Releases: CVCUDA/CV-CUDA
CV-CUDA Release v0.13.0
v0.13.0 Beta
CV-CUDA v0.13.0 includes ManyLinux 2014 compliant wheels alongside the following changes:
Full Changelog: v0.12.0-beta...v0.13.0-beta
New Features
- Added Python wheel generation compliant with ManyLinux 2014 and PyPI standards.
- The multiple Python version wheels are now unified into a single wheel file per CUDA version.
- Included scripts to build two ManyLinux 2014 Docker images (CUDA 11, CUDA 12) for build, and four Ubuntu images (20.04 and 22.04 x CUDA 11, CUDA 12) for testing.
- Python wheels must be built within the ManyLinux 2014 Docker images to guarantee ManyLinux 2014 compliance.
Bug Fixes
- Upgraded pybind11 to version 2.13.6 for improved compatibility and functionality.
- Resolved Python ABI compatibility issues present in previous versions by upgrading pybind11.

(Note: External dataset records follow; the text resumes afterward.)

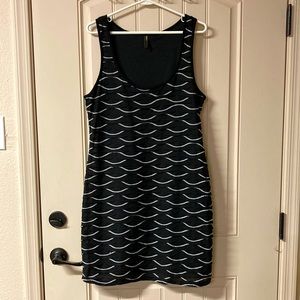 SIMON CHANG Women’s Size L Dress Black and White Sleeveless Lined Scallop Design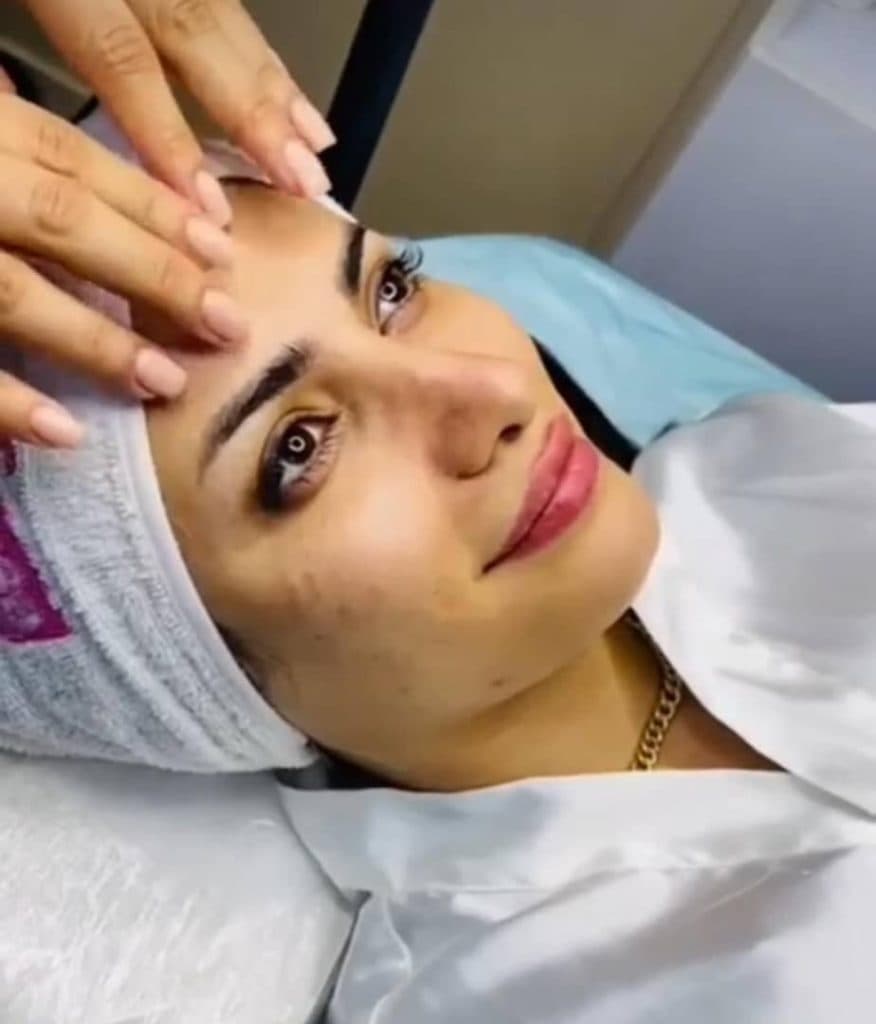 آموزش و خدمات تخصصی زیبایی و فشیال بوتاکس و مزونیدلینگ زمرد در شیراز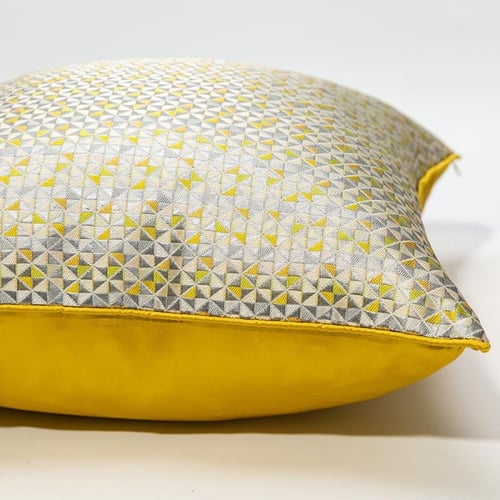  غلاف خدادية منقوشة بألوان الباستيل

Compatibility and Known Limitations
For the full list, see the main README on CV-CUDA GitHub.
License
CV-CUDA is licensed under the Apache 2.0 license.
Resources
- CV-CUDA GitHub
- CV-CUDA Increasing Throughput and Reducing Costs for AI-Based Computer Vision with CV-CUDA
- NVIDIA Announces Microsoft, Tencent, Baidu Adopting CV-CUDA for Computer Vision AI
- CV-CUDA helps Tencent Cloud audio and video PaaS platform achieve full-process GPU acceleration for video enhancement AI
Acknowledgements
CV-CUDA is developed jointly by NVIDIA and the ByteDance Machine Learning team.
CV-CUDA Release v0.12.0
v0.12.0-beta
Release Highlights
CV-CUDA v0.12.0 includes the following changes:
New Features
- Increased functional test coverage of color conversions.
- Reintroduced from 24.07: Improved performance of color conversion operators (e.g., 2x faster RGB2YUV).
Bug Fixes
- Fixed bug in YUV(420) conversions: The CvtColor operator incorrectly computed the data location of the second chromaticity channel for conversions.
- Fixed bug in YUV(422) conversions: The CvtColor operator incorrectly interpreted the interleaved YUV(422) data layout as a three-channel tensor.
- Prevent CV_16F alpha addition: some color conversions in the CvtColor operator allowed for the addition of an alpha channel to the destination tensor, which is undefined for the CV_16F data type.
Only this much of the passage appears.